Data shown:
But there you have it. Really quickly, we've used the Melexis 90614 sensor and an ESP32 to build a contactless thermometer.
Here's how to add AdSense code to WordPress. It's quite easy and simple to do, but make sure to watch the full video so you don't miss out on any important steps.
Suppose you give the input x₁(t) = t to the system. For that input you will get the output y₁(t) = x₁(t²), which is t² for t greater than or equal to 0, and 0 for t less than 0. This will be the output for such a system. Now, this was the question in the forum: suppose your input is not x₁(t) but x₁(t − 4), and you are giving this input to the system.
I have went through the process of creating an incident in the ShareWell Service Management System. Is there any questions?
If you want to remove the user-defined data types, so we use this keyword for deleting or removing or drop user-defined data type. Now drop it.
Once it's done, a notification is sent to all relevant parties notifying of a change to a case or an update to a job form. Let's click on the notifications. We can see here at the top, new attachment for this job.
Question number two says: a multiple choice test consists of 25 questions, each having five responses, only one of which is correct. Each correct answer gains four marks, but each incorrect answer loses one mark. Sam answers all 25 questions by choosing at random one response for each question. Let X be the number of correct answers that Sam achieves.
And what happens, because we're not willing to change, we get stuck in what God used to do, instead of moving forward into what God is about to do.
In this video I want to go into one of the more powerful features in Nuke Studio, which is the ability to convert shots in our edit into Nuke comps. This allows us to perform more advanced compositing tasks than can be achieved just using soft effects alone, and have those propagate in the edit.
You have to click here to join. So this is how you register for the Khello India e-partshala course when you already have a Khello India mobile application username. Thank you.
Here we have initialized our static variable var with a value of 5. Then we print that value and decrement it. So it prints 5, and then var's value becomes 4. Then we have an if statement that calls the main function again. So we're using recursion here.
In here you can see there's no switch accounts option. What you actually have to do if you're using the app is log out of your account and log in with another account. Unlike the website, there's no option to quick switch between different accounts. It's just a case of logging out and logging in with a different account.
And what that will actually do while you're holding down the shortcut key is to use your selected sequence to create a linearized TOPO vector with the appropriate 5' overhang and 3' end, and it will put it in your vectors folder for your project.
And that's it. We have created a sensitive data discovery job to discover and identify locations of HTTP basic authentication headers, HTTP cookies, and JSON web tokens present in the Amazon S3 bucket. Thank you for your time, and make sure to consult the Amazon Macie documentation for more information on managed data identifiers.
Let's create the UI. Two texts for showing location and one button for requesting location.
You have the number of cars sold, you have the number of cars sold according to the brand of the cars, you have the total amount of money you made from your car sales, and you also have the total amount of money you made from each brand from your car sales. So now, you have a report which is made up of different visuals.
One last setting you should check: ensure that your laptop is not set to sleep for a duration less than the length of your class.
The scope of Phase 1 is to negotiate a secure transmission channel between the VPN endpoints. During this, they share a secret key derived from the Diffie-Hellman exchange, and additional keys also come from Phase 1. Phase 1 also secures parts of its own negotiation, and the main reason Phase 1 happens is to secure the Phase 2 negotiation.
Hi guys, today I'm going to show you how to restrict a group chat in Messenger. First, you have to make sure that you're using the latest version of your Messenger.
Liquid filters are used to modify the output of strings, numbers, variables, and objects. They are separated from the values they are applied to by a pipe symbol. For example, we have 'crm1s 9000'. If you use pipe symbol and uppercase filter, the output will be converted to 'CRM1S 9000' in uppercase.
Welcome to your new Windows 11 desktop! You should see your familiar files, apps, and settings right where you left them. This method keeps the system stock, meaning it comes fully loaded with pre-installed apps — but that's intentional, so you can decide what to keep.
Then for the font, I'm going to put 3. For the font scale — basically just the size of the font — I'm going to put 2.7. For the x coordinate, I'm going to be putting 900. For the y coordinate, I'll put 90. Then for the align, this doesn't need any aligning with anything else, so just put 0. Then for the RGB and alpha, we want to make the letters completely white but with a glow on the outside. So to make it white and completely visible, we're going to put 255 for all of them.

Prompt: Only the lines above from the one with "Liquid filters are" up to and including the one with "Welcome to your" should be repeated, exactly as written.

Written answer:
Liquid filters are used to modify the output of strings, numbers, variables, and objects. They are separated from the values they are applied to by a pipe symbol. For example, we have 'crm1s 9000'. If you use pipe symbol and uppercase filter, the output will be converted to 'CRM1S 9000' in uppercase.
Welcome to your new Windows 11 desktop! You should see your familiar files, apps, and settings right where you left them. This method keeps the system stock, meaning it comes fully loaded with pre-installed apps — but that's intentional, so you can decide what to keep.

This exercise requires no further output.